Here's the thing: at the most rudimentary level Quayle - and we should probably rope in writer John Swetnam here as well - doesn't know what style of production he wants to make. It begins using a found footage technique, as popularised in The Blair Witch Project and Cloverfield. That's a perfectly valid angle to take: it locks the viewer into a single perspective, and has a lot of opportunity for intense drama presented from a very personal, ground-level point of view.
Then he suddenly starts presenting scenes shot in a conventional narrative fashion. After that he begins to mix the two, without warning or obvious agenda. By the end of the film I was scratching my head on a shot-to-shot basis, attempting to work out if I was watching from the point of view of a character's camera, the point of view of another character's camera, or just a standard third-person angle.
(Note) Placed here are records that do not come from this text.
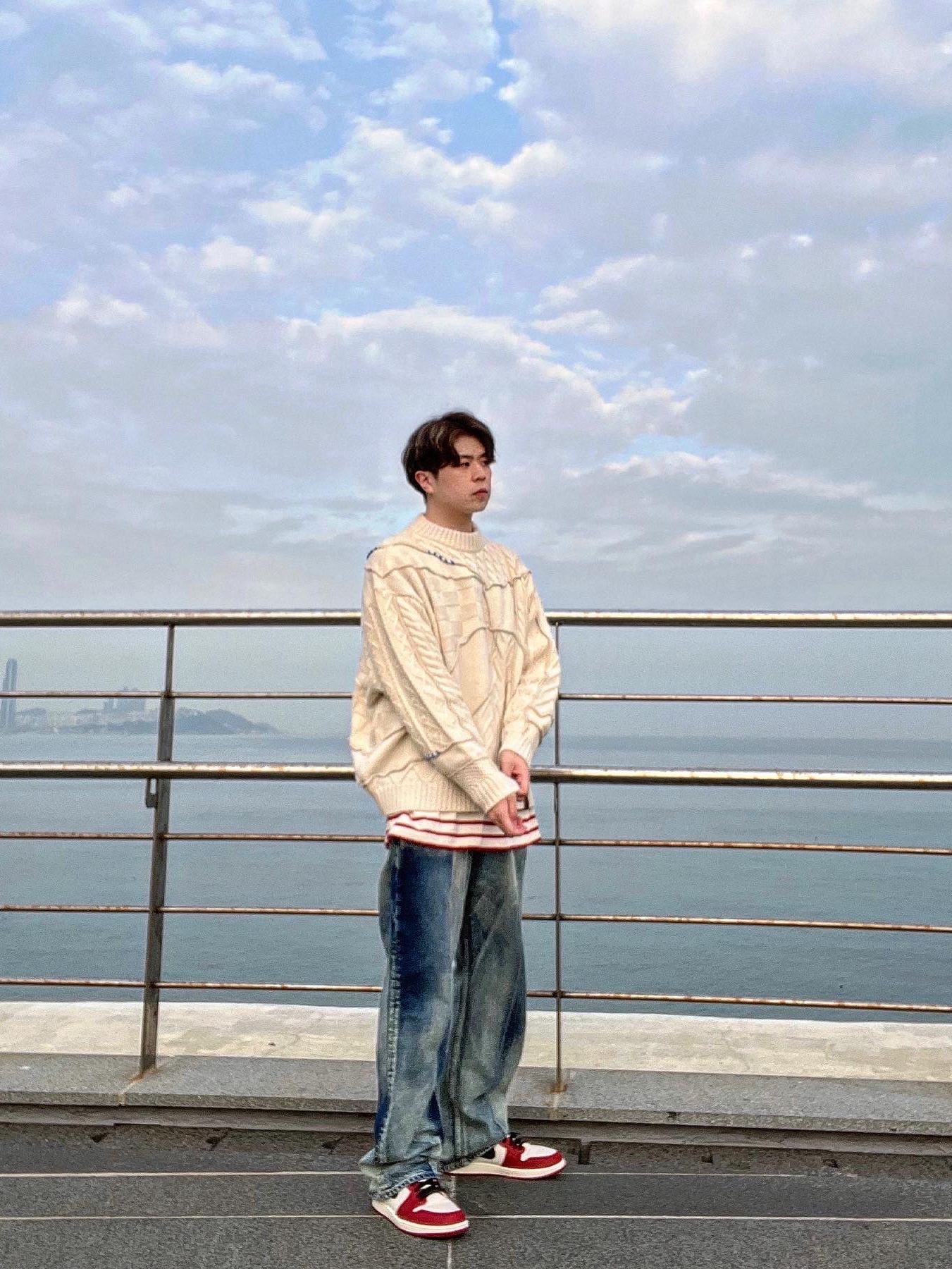 Jordan 1 Retro High OG Chicago 2022, Zara x Ader Error Patchwork Oversize Knit Sweater Cream 착용 스타일 - 4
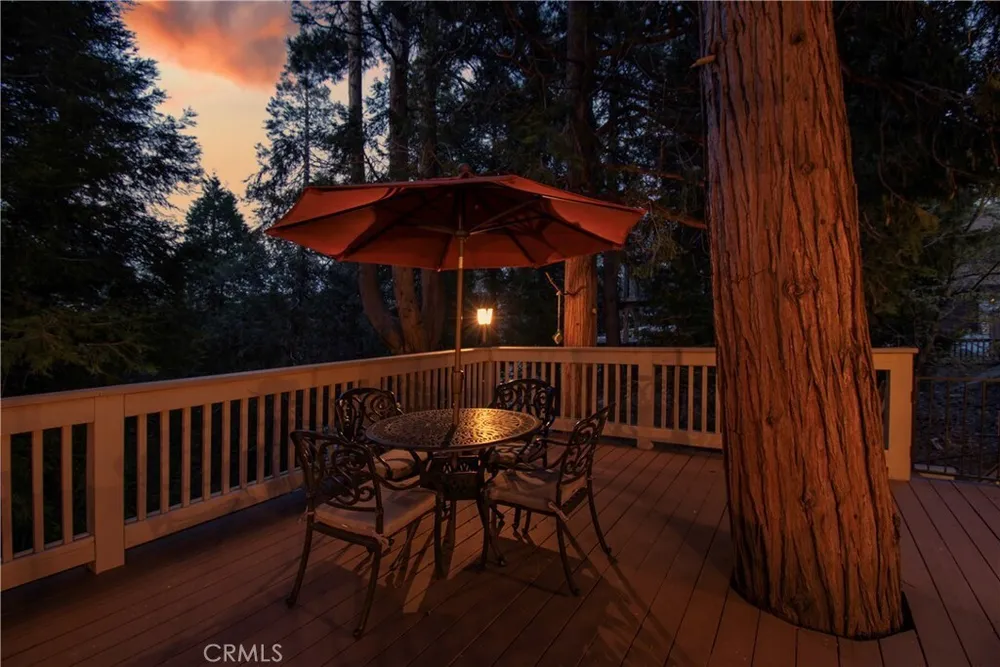 355 Cedar Ridge Dr, Lake Arrowhead, CA 92352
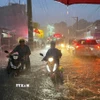 Mưa to gây ngập úng tại nhiều tuyến phố. (Ảnh: TTXVN phát)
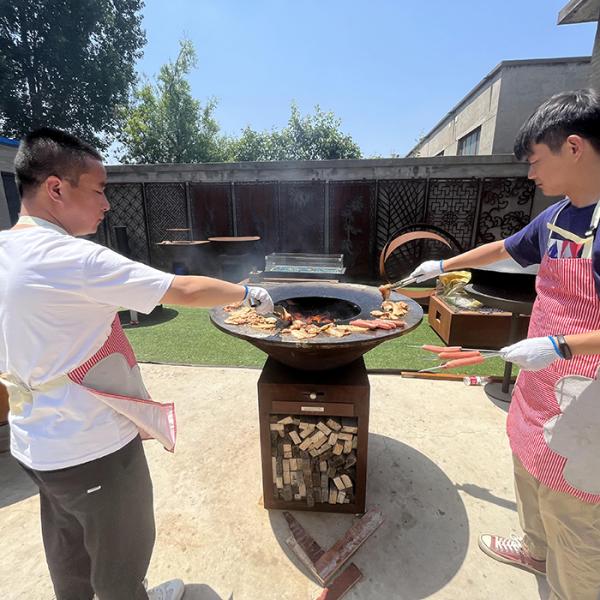 Customized Steel BBQ Grill With Removable Ash Catcher And Rusted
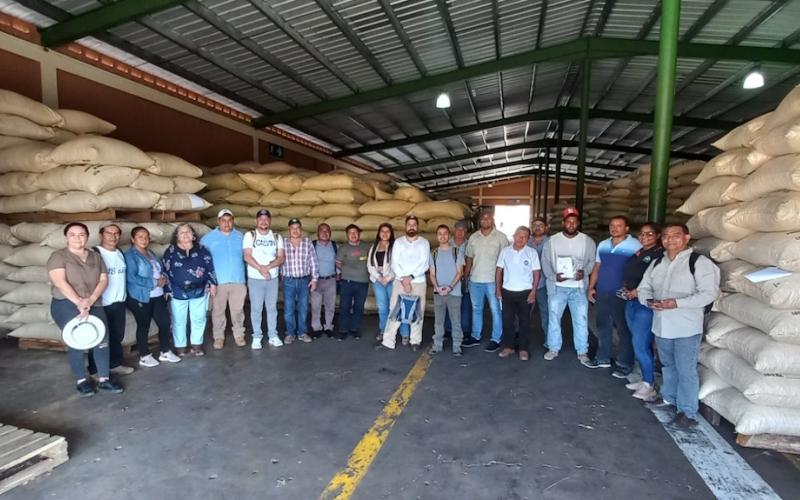 Empresarios del sector chocolatero visitan República Dominicana. 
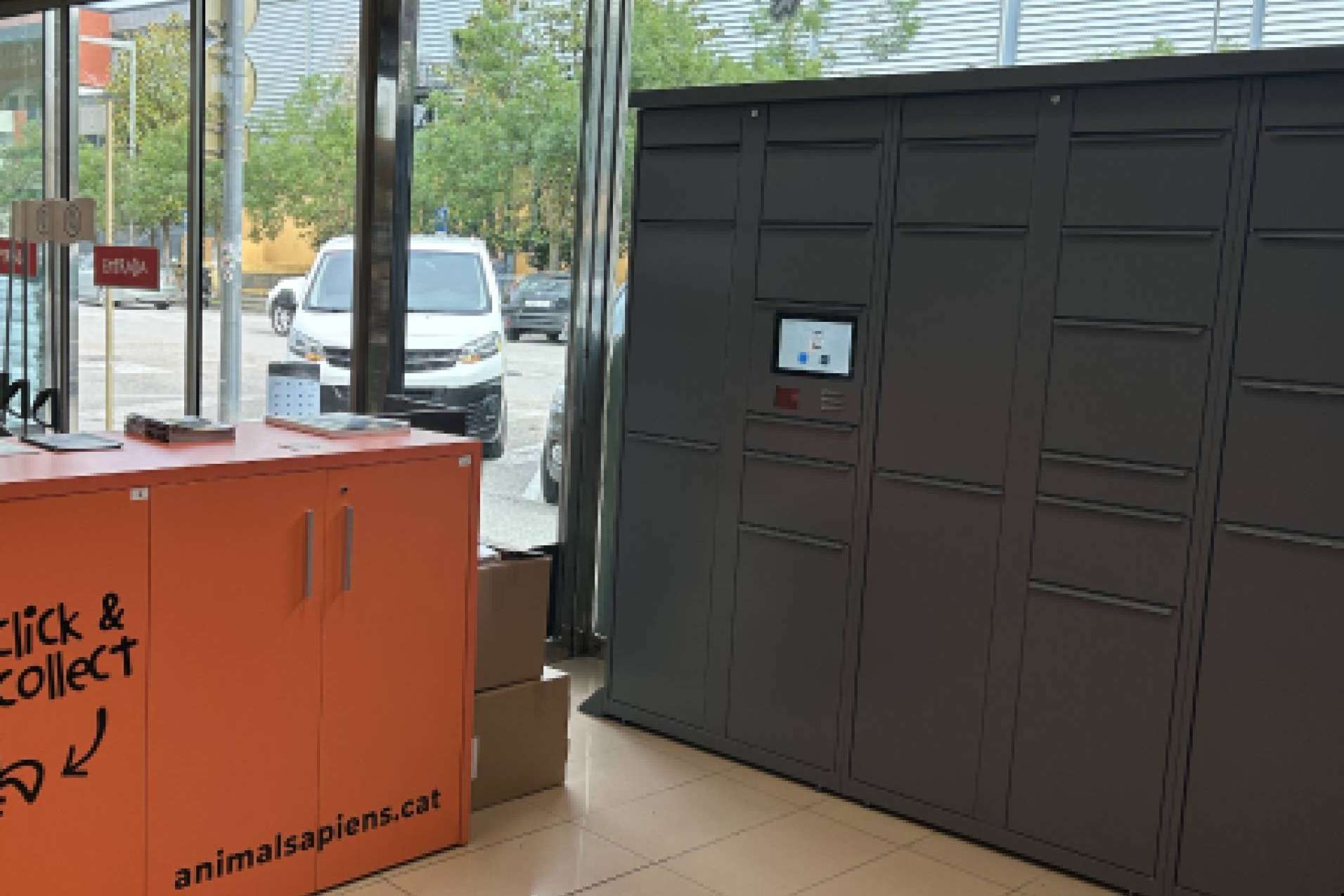 Cómo el smart locker contribuye a resolver los desafíos logísticos de la última milla en ciudades inteligentes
It's distracting and very poorly thought-out.
Plus there's the problem of the story he's actually telling, and here the blame likely does lie with John Swetnam's screenplay. Every character is a cliché. Every line of dialogue you can pretty much guess before the character says it. One character seems particularly odd: Pete the professional storm chaser. Throughout the film he's an arrogant bastard who visibly and consistently favours getting the best video footage of the tornadoes for his documentary over helping other people or saving victims. By every standard of this kind of stereotypical disaster movie he should die as a result of his own hubris, but instead he dies in a highly noble self-sacrifice. There's no transition from one to the other, just a sudden change in characterisation during the film's climax. Even when stuck inside a well-worn formula Into the Storm can't seem to get it right: it doesn't just obey clichés, it confuses them.
There's one stand-out scene in the film, in which a tornado passes over a large fire and whips the flaming debris up into itself. I have no idea if that's physically possible, but it was an arresting image and looked rather cool. If I can only think of one ten second sequence to recommend for this film, it's probably not worth me recommending this film.